INPUT RECORDS: Begin

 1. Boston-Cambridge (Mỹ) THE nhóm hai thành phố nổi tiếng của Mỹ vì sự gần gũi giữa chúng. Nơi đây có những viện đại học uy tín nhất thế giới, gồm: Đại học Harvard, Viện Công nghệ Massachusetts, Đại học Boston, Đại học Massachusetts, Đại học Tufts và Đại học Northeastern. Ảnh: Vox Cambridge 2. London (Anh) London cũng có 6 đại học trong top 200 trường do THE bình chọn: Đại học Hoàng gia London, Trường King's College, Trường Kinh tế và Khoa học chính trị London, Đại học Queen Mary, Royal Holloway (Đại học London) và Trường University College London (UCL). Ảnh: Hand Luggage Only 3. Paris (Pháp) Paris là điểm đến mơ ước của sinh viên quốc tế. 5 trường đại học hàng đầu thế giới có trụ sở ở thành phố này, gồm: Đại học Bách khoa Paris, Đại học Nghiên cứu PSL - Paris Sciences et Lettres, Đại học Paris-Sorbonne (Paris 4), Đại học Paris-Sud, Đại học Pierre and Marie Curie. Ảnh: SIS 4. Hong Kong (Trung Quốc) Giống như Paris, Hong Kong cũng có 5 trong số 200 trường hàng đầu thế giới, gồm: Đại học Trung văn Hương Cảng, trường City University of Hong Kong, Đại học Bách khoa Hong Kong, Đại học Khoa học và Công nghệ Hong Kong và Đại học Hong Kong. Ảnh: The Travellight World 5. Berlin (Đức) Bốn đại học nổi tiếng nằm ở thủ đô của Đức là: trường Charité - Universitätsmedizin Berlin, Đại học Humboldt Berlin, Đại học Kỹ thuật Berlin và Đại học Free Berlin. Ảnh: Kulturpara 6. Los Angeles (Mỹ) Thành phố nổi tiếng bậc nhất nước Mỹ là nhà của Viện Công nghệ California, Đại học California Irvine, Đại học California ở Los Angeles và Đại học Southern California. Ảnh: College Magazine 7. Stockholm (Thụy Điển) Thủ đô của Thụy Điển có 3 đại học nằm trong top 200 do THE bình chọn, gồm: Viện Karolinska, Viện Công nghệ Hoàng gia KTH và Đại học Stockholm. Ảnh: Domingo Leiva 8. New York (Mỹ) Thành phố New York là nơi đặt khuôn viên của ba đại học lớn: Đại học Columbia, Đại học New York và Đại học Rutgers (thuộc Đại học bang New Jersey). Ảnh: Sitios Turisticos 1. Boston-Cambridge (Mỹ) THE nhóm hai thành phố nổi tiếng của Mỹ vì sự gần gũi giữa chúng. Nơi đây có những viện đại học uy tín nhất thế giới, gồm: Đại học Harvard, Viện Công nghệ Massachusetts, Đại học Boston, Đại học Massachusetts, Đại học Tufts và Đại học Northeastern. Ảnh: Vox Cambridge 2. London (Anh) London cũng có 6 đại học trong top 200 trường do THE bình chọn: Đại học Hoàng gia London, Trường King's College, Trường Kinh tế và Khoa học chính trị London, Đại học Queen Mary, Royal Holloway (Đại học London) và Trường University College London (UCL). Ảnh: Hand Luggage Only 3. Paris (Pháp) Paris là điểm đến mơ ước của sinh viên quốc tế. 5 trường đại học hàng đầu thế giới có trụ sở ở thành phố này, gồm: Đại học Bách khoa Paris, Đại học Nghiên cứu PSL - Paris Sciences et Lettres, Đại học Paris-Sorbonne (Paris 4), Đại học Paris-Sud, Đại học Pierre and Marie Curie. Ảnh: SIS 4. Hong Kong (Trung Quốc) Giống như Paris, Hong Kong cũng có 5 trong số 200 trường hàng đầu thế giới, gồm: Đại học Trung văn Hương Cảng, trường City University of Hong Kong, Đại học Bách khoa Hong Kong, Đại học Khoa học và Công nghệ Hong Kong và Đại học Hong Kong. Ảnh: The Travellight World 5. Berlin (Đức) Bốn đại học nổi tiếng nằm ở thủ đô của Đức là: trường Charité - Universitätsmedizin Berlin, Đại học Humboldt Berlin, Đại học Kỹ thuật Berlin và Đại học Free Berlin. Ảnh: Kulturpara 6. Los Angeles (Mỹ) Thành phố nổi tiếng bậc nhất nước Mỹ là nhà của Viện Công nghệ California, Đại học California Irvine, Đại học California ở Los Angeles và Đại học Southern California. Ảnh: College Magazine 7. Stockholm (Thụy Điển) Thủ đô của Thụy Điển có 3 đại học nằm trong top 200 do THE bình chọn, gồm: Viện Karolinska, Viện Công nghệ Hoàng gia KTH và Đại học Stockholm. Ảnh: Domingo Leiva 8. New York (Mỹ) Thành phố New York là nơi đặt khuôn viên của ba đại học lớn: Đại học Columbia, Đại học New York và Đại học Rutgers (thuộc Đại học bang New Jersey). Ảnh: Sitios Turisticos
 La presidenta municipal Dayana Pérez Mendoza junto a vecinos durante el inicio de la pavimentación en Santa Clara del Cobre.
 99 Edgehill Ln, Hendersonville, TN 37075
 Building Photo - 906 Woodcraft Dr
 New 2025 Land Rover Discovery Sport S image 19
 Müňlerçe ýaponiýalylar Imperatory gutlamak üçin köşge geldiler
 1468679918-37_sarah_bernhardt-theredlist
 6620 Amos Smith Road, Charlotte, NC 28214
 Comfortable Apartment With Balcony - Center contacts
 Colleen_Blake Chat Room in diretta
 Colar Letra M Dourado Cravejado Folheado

INPUT RECORDS: End

- **ABOUT THIS TASK**
Copy all the entries verbatim.

- **ANSWER**
 1. Boston-Cambridge (Mỹ) THE nhóm hai thành phố nổi tiếng của Mỹ vì sự gần gũi giữa chúng. Nơi đây có những viện đại học uy tín nhất thế giới, gồm: Đại học Harvard, Viện Công nghệ Massachusetts, Đại học Boston, Đại học Massachusetts, Đại học Tufts và Đại học Northeastern. Ảnh: Vox Cambridge 2. London (Anh) London cũng có 6 đại học trong top 200 trường do THE bình chọn: Đại học Hoàng gia London, Trường King's College, Trường Kinh tế và Khoa học chính trị London, Đại học Queen Mary, Royal Holloway (Đại học London) và Trường University College London (UCL). Ảnh: Hand Luggage Only 3. Paris (Pháp) Paris là điểm đến mơ ước của sinh viên quốc tế. 5 trường đại học hàng đầu thế giới có trụ sở ở thành phố này, gồm: Đại học Bách khoa Paris, Đại học Nghiên cứu PSL - Paris Sciences et Lettres, Đại học Paris-Sorbonne (Paris 4), Đại học Paris-Sud, Đại học Pierre and Marie Curie. Ảnh: SIS 4. Hong Kong (Trung Quốc) Giống như Paris, Hong Kong cũng có 5 trong số 200 trường hàng đầu thế giới, gồm: Đại học Trung văn Hương Cảng, trường City University of Hong Kong, Đại học Bách khoa Hong Kong, Đại học Khoa học và Công nghệ Hong Kong và Đại học Hong Kong. Ảnh: The Travellight World 5. Berlin (Đức) Bốn đại học nổi tiếng nằm ở thủ đô của Đức là: trường Charité - Universitätsmedizin Berlin, Đại học Humboldt Berlin, Đại học Kỹ thuật Berlin và Đại học Free Berlin. Ảnh: Kulturpara 6. Los Angeles (Mỹ) Thành phố nổi tiếng bậc nhất nước Mỹ là nhà của Viện Công nghệ California, Đại học California Irvine, Đại học California ở Los Angeles và Đại học Southern California. Ảnh: College Magazine 7. Stockholm (Thụy Điển) Thủ đô của Thụy Điển có 3 đại học nằm trong top 200 do THE bình chọn, gồm: Viện Karolinska, Viện Công nghệ Hoàng gia KTH và Đại học Stockholm. Ảnh: Domingo Leiva 8. New York (Mỹ) Thành phố New York là nơi đặt khuôn viên của ba đại học lớn: Đại học Columbia, Đại học New York và Đại học Rutgers (thuộc Đại học bang New Jersey). Ảnh: Sitios Turisticos 1. Boston-Cambridge (Mỹ) THE nhóm hai thành phố nổi tiếng của Mỹ vì sự gần gũi giữa chúng. Nơi đây có những viện đại học uy tín nhất thế giới, gồm: Đại học Harvard, Viện Công nghệ Massachusetts, Đại học Boston, Đại học Massachusetts, Đại học Tufts và Đại học Northeastern. Ảnh: Vox Cambridge 2. London (Anh) London cũng có 6 đại học trong top 200 trường do THE bình chọn: Đại học Hoàng gia London, Trường King's College, Trường Kinh tế và Khoa học chính trị London, Đại học Queen Mary, Royal Holloway (Đại học London) và Trường University College London (UCL). Ảnh: Hand Luggage Only 3. Paris (Pháp) Paris là điểm đến mơ ước của sinh viên quốc tế. 5 trường đại học hàng đầu thế giới có trụ sở ở thành phố này, gồm: Đại học Bách khoa Paris, Đại học Nghiên cứu PSL - Paris Sciences et Lettres, Đại học Paris-Sorbonne (Paris 4), Đại học Paris-Sud, Đại học Pierre and Marie Curie. Ảnh: SIS 4. Hong Kong (Trung Quốc) Giống như Paris, Hong Kong cũng có 5 trong số 200 trường hàng đầu thế giới, gồm: Đại học Trung văn Hương Cảng, trường City University of Hong Kong, Đại học Bách khoa Hong Kong, Đại học Khoa học và Công nghệ Hong Kong và Đại học Hong Kong. Ảnh: The Travellight World 5. Berlin (Đức) Bốn đại học nổi tiếng nằm ở thủ đô của Đức là: trường Charité - Universitätsmedizin Berlin, Đại học Humboldt Berlin, Đại học Kỹ thuật Berlin và Đại học Free Berlin. Ảnh: Kulturpara 6. Los Angeles (Mỹ) Thành phố nổi tiếng bậc nhất nước Mỹ là nhà của Viện Công nghệ California, Đại học California Irvine, Đại học California ở Los Angeles và Đại học Southern California. Ảnh: College Magazine 7. Stockholm (Thụy Điển) Thủ đô của Thụy Điển có 3 đại học nằm trong top 200 do THE bình chọn, gồm: Viện Karolinska, Viện Công nghệ Hoàng gia KTH và Đại học Stockholm. Ảnh: Domingo Leiva 8. New York (Mỹ) Thành phố New York là nơi đặt khuôn viên của ba đại học lớn: Đại học Columbia, Đại học New York và Đại học Rutgers (thuộc Đại học bang New Jersey). Ảnh: Sitios Turisticos
 La presidenta municipal Dayana Pérez Mendoza junto a vecinos durante el inicio de la pavimentación en Santa Clara del Cobre.
 99 Edgehill Ln, Hendersonville, TN 37075
 Building Photo - 906 Woodcraft Dr
 New 2025 Land Rover Discovery Sport S image 19
 Müňlerçe ýaponiýalylar Imperatory gutlamak üçin köşge geldiler
 1468679918-37_sarah_bernhardt-theredlist
 6620 Amos Smith Road, Charlotte, NC 28214
 Comfortable Apartment With Balcony - Center contacts
 Colleen_Blake Chat Room in diretta
 Colar Letra M Dourado Cravejado Folheado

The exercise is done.